Gold prices inched lower on Thursday, pressured by expectations of aggressive interest rate hikes after the U.S. Federal Reserve chief doubled down on the central bank’s fight against inflation.
Spot gold was down 0.2% at $1,832.91 per ounce by 0239 GMT. U.S. gold futures fell 0.2% to $1,834.30.
“With [Fed Chair Jerome] Powell pointing out overnight that 1% rises were a real possibility, it’s a reminder of that constant pressure on gold prices from rising interest rates,” said Michael McCarthy, chief strategy officer at Tiger Brokers, Australia.
When asked by a member of the Senate Banking Committee if the Fed could raise rates by as much as 100 basis points at once, Powell said he would never take anything off the table, and officials would make whatever moves were needed to restore price stability.
Gold is often viewed as a hedge against inflation and a safe haven during economic crises, like recession, but saw some gains after Powell’s statement as Treasury yields bore the brunt of it.

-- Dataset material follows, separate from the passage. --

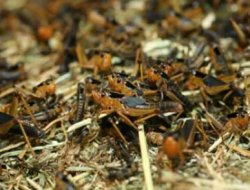 Karacadağ'da Çekirge İstilası (Video)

Higher interest rates and bond yields raise the opportunity cost of holding bullion, which yields no interest.
Powell is due to testify again in Washington D.C. later on Thursday.
“Gold is expected to follow the commodity complex down. It is more likely for gold to trade below $1,800/oz in the next two weeks than not,” said Michael Langford, director at corporate advisory AirGuide.
“Gold is crypto for [Baby] Boomers, it has no meaningful industrial usage and is a psychological store of value much in the same way crypto was for the younger generation.”
The dollar steadied at elevated levels after some losses in the previous session, limiting demand for greenback-priced bullion among buyers holding other currencies.
Spot silver dipped 0.5% to $21.28 per ounce, platinum fell 0.3% to $923.62, and palladium was flat at $1,864.18.